_REQUIRED WORK_.
Among the entries, which lines carry the string "with"? Copy every one.

_RECORD EXTRACTS_.
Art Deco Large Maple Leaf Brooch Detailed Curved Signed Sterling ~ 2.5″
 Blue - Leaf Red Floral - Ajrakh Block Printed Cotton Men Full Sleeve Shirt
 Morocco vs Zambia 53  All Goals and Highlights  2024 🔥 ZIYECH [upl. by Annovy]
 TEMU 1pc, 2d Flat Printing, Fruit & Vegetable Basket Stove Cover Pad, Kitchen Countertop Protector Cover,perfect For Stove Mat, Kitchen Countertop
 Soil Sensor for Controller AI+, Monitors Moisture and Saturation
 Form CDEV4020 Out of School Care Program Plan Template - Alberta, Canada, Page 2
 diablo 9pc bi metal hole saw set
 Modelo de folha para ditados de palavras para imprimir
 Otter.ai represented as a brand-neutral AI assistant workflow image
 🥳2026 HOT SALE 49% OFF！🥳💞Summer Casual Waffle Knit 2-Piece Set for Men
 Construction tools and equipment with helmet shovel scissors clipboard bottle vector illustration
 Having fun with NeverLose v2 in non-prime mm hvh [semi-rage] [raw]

_EXERCISE SOLUTION_.
 Construction tools and equipment with helmet shovel scissors clipboard bottle vector illustration
 Having fun with NeverLose v2 in non-prime mm hvh [semi-rage] [raw]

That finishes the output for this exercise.